### Brief
Excluding pictures, retype exactly the lines from the one with "Claudio Simonetti's Goblin- Suspiria" through the end of the records that follow.

### Given data
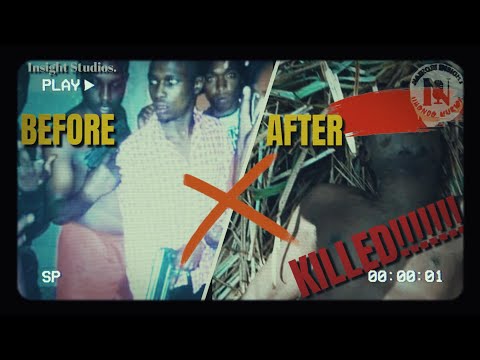 How Police Hunted the Gaza Boys One by One.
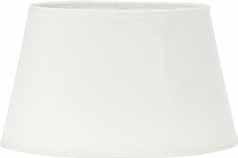 2 st INDI LAMPSKÄRM LINNE WHITE 3320-2704 200/170 155 7200179 2 st 3325-2704 250/220 180 9200229 2 st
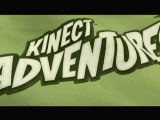 CGRundertow KINECT ADVENTURES for Xbox 360 Video Game Review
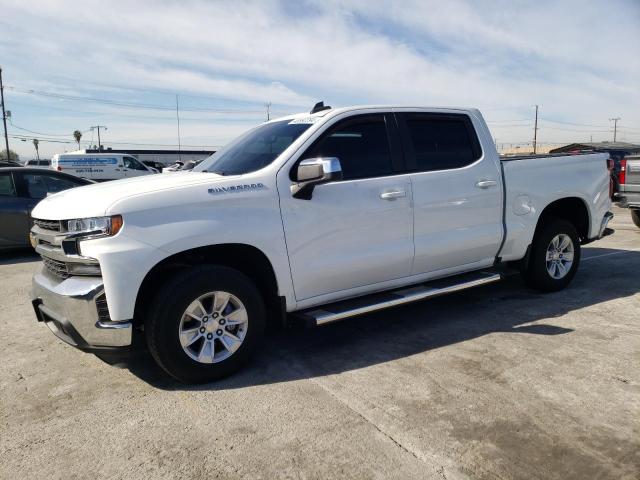 2021 CHEVROLET SILVERADO C1500 LT for Sale | CA - SUN VALLEY | Wed. Jun ...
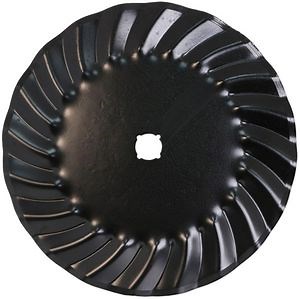 [Hot Item] Notched Harrow Blades Sawtooh Disc Blades Rippled Discs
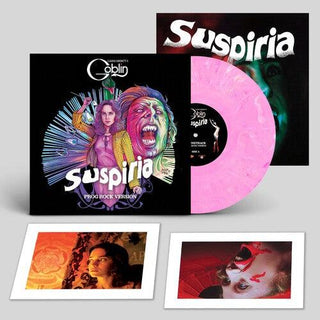 Claudio Simonetti's Goblin- Suspiria (Original Soundtrack)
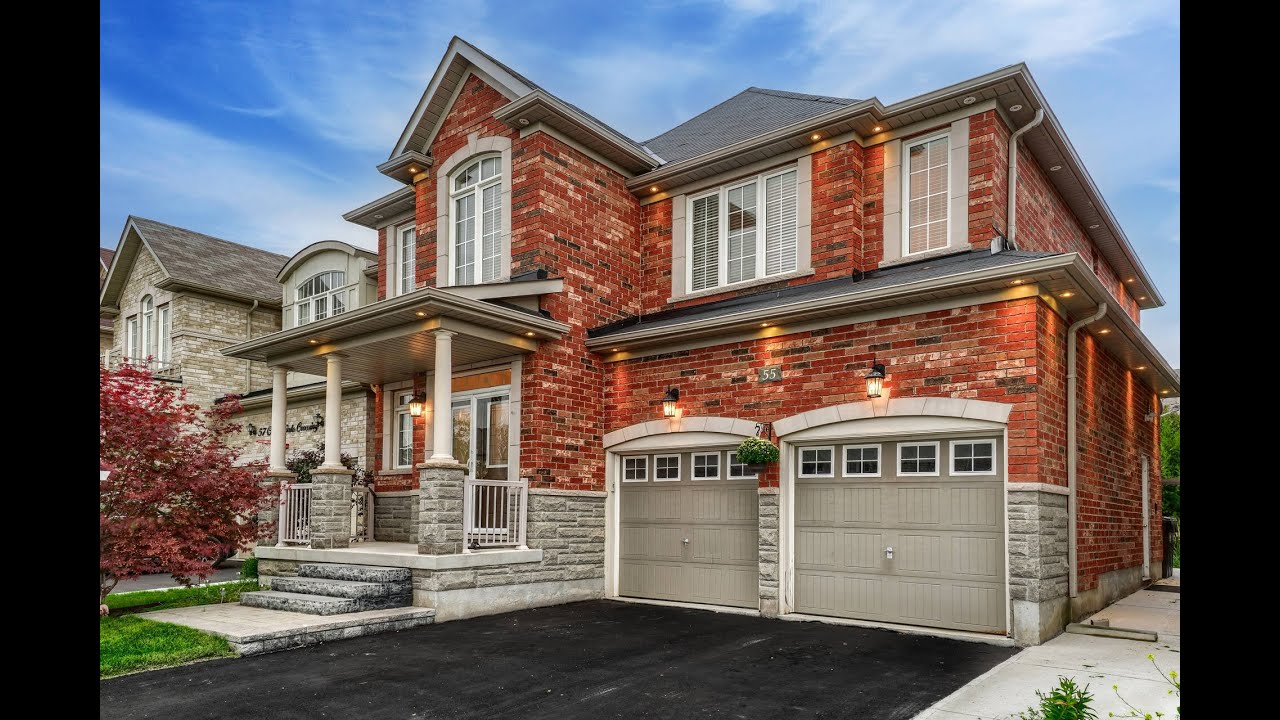 55 Castle Oaks Crossing, Brampton Home for Sale Real Estate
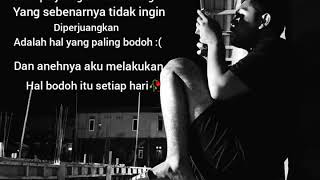 Story wa bodoh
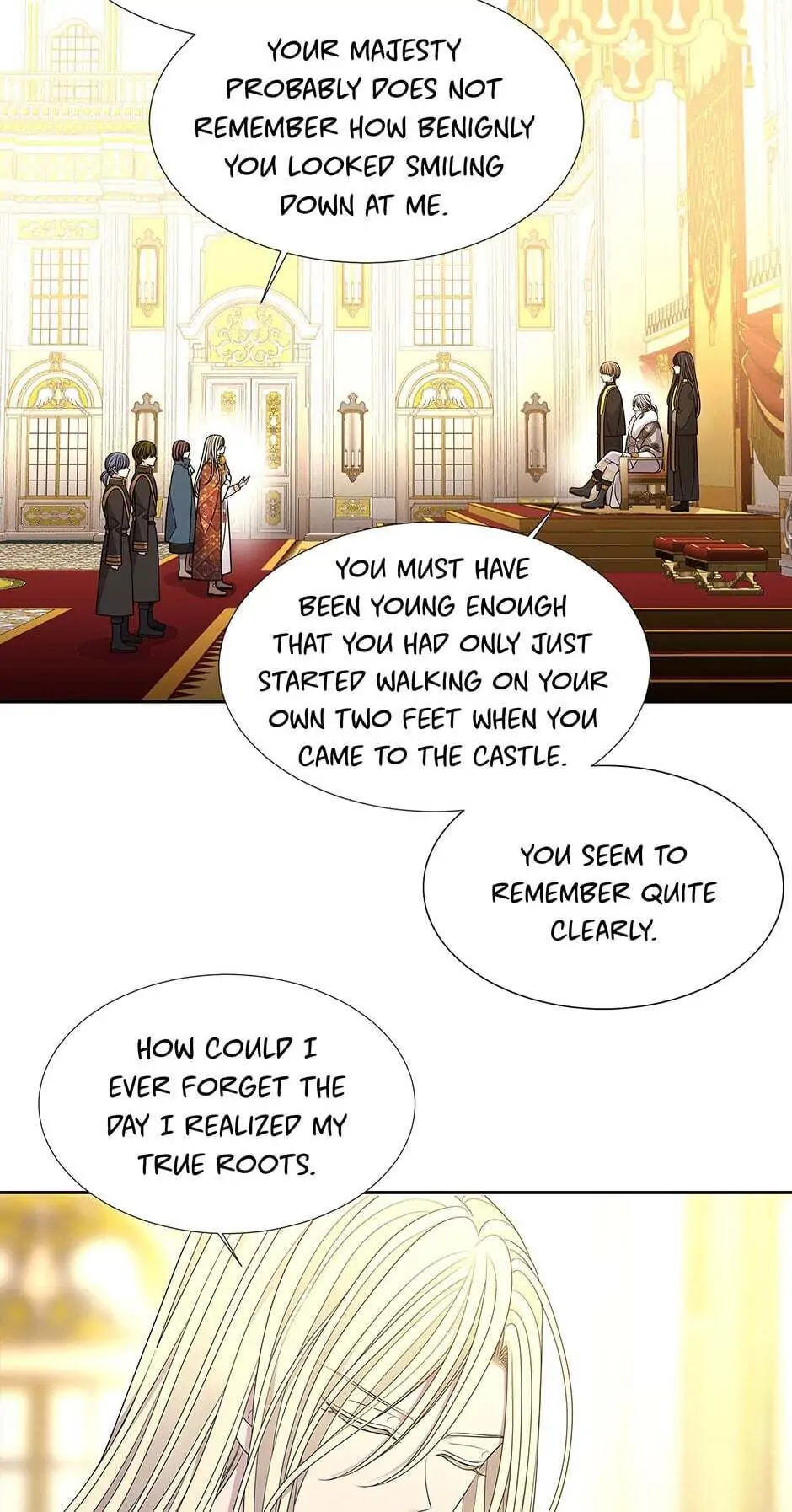 Charlotte and Her 5 Disciples Chapter 97 - page 15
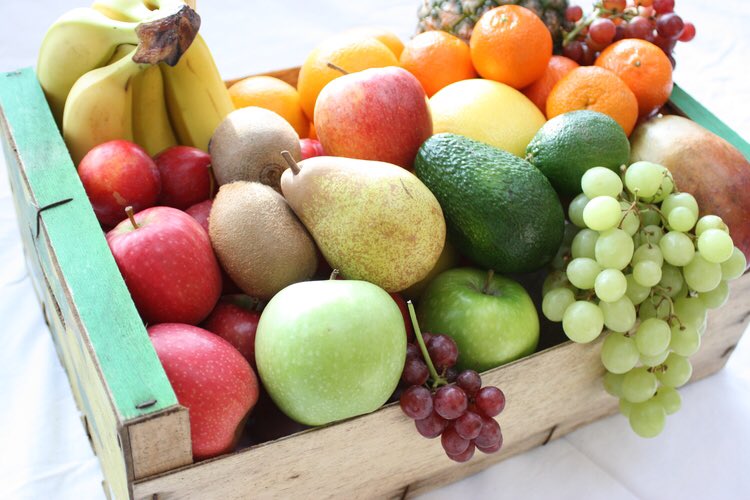 NUDIEFOODS FRUIT tweet media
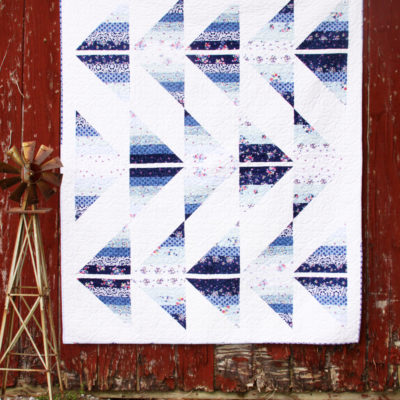 Find Your Adventure Quilt Pattern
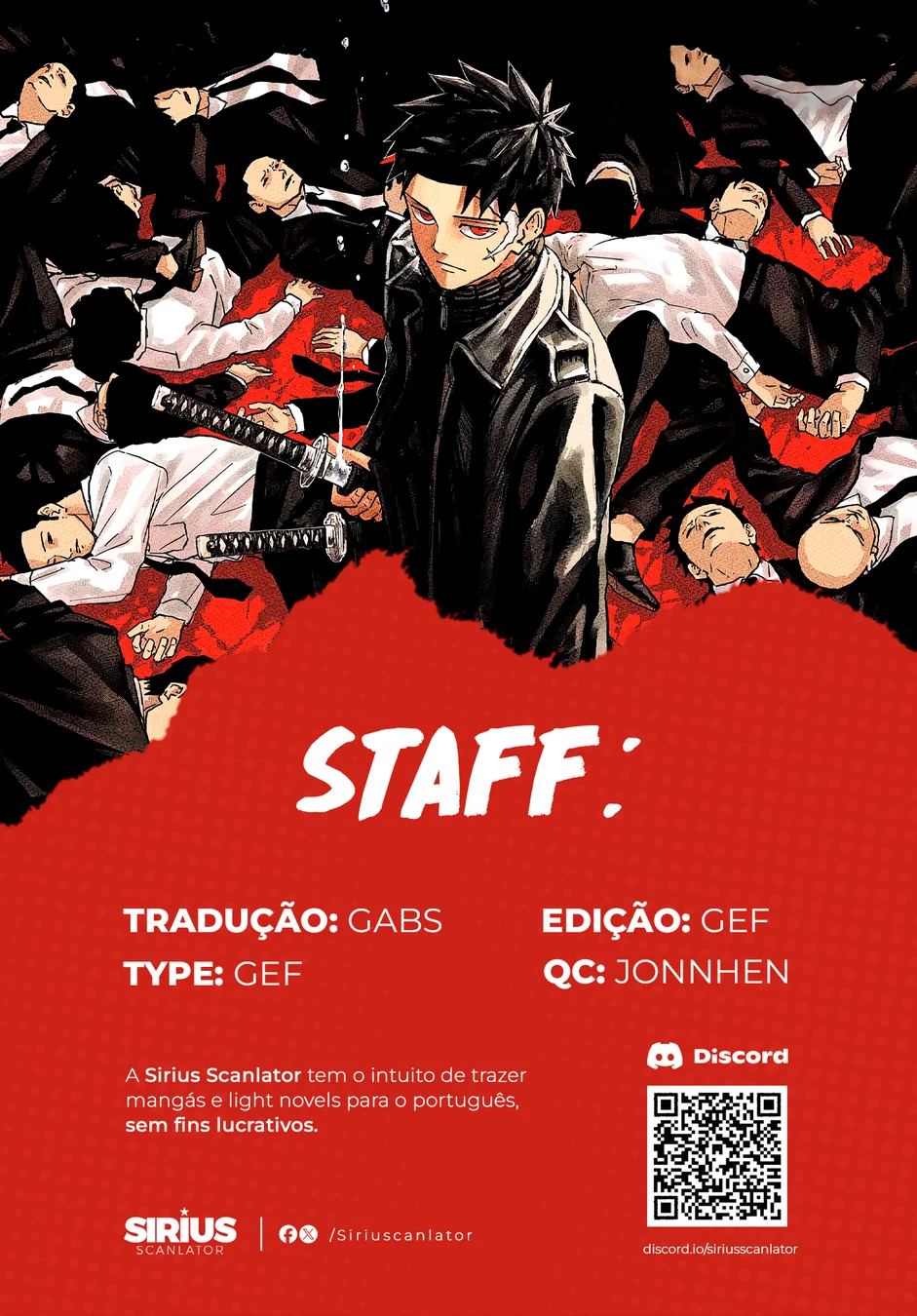 Read KagurabachiPT Manga Online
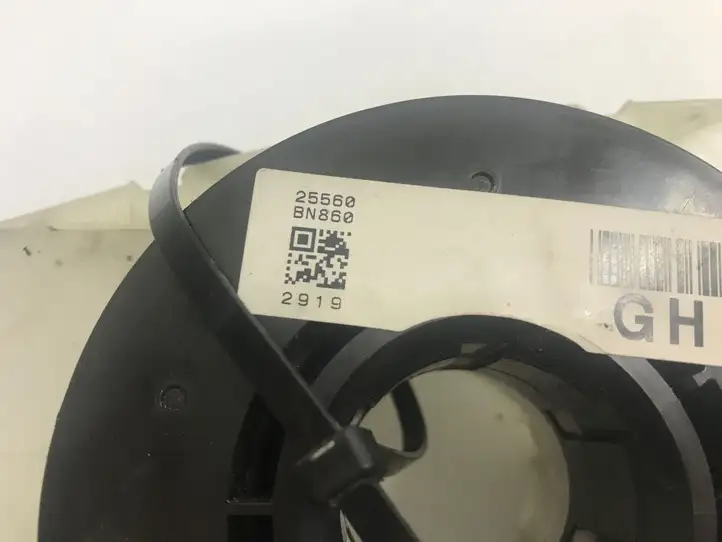 Nissan Almera N16 (2000 - 2010) 25560 Контактное кольцо SRS — фото 5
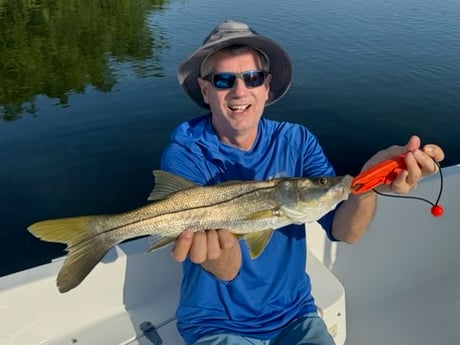 Fishing in St. Petersburg, Florida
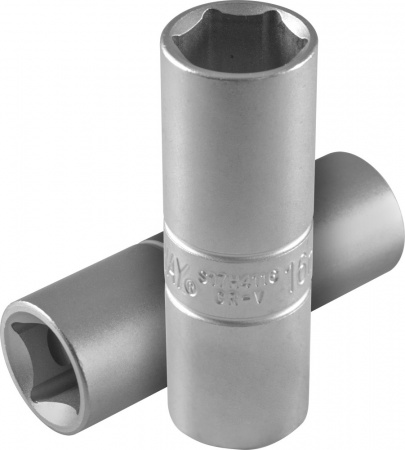 JONNESWAY Головка торцевая свечная 1/2", 16 мм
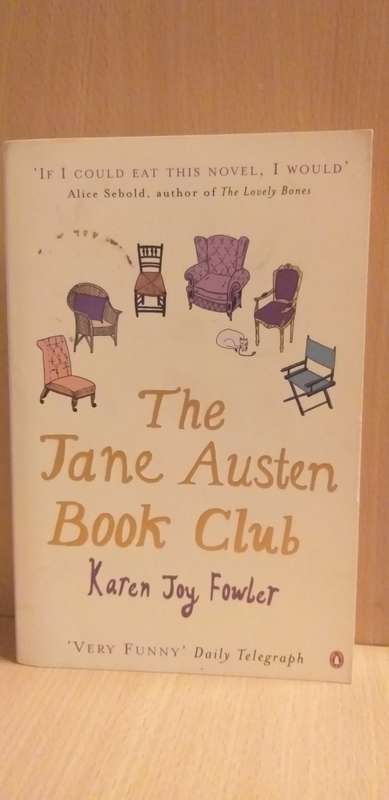The Jane Austen Book Club: Karen Joy Fowler (Paperback)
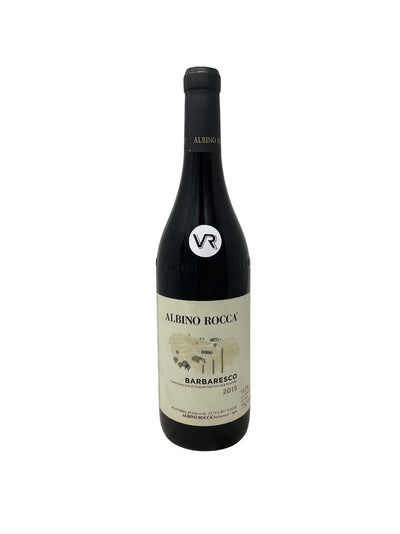 Barbaresco - 2015 - Albino Rocca - Raritätenweine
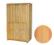 ARBOX. Szafa drewniana sosnowa 3 drzwiowa. olcha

### Exercise response
 Claudio Simonetti's Goblin- Suspiria (Original Soundtrack)
 55 Castle Oaks Crossing, Brampton Home for Sale Real Estate
 Story wa bodoh
 Charlotte and Her 5 Disciples Chapter 97 - page 15
 NUDIEFOODS FRUIT tweet media
 Find Your Adventure Quilt Pattern
 Read KagurabachiPT Manga Online
 Nissan Almera N16 (2000 - 2010) 25560 Контактное кольцо SRS — фото 5
 Fishing in St. Petersburg, Florida
 JONNESWAY Головка торцевая свечная 1/2", 16 мм
The Jane Austen Book Club: Karen Joy Fowler (Paperback)
 Barbaresco - 2015 - Albino Rocca - Raritätenweine
 ARBOX. Szafa drewniana sosnowa 3 drzwiowa. olcha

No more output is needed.